# G519 spokes and nipples



## Fred Green (Mar 12, 2020)

Hello,

     I am restoring a G519. I thought that I would have to replace just the rear wheel but this is not the case. Both rims are beyond use. I have replacement rims but am lacking spokes and nipples. I have a couple of questions:

1. What is the exact size for the spoke? In the manual it states "120 Gauge straight, 10 9/16" long". I have read the threads on here and have seen  10 5/8 and other lengths. I have also seen 10 gauge and 11 gauge as sizes. I was offered these : 1)   10 5/8 .120 NOS spokes  2)   10 9/16  .105 NOS Spokes  Will these fit????

2. Where can I find NOS SPOKES or a Quality correct size replacement spoke and nipple in steel?

     I have  both correct period hubs. My rims that I am using are heavy duty drop center from a civilian bike. At the moment I need spokes and nipples. 

    Thanks.

Fred
Sparta


----------



## 100bikes (Mar 12, 2020)

There are any number of spoke length calculators, as well as the charts available in Sutherlands Manual.

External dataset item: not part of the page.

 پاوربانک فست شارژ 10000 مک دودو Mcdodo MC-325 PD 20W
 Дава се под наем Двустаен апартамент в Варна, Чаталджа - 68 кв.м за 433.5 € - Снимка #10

Careful measurements of the various elements will be important. Subtle differences in the various elements are amplified
Will you be using the same build(ie number of crosses)? 
You mentioned drop center rims - Are the new rims the exact same as the originals? If so, measure the spokes you have - 
the lengths have a some flexibility - up to 1/8" in some cases.
Longer nippels can make up for a little of the differential. A drop center rim will take a shorter spoke than a more flat design rim.

It is  imperative that the hub have the correct drilling for the spokes you choose -
.120 spokes will not easily fit into a hub for  a .105 and the reverse may cause issues of spoke head damage or gaps.

The spokes that you have now should be replaced with the same gauge as originals to the hub.














If you get the hub dimension and hole diameters, I can provide copies of the Sutherlands pages.
Rusty


----------



## Fred Green (Mar 12, 2020)

Hello,

      Thanks for the info.

Fred
Sparta


----------



## fat tire trader (Mar 12, 2020)

Hi Fred,

You don't need to do any calculating or measuring. You need 10 5/8" spokes to build your wheels 4 cross. Most all 26" balloon wheels use this size when they are built 4 cross. The original G519 and most balloon wheels were built 4 cross. If you don't build the wheels 4 cross, you will need to calculate spoke lengths. 

You need 10 5/8" 10 (also called 120)  gauge spokes. 10 9/16 might work with long nipples. 

Chris


----------



## Goldslinger (Mar 12, 2020)

Hi Fred

Chris is right . you don't need a calculator. 10 5/8 or 10 9/16   10 gauge .120 spokes are what you need. I have an original wheel that I used for a reference while I was lacing my tribute wheel.  My modern 10 5/8 spokes with shorter nipples are just a tiny bit long but they will work. It really isn't all that hard to do ,just take your time. I wish I knew what the treads size on my spokes were ,I would thread them an 1/8 " more and trim them down. Then they would be perfect.
Sam


----------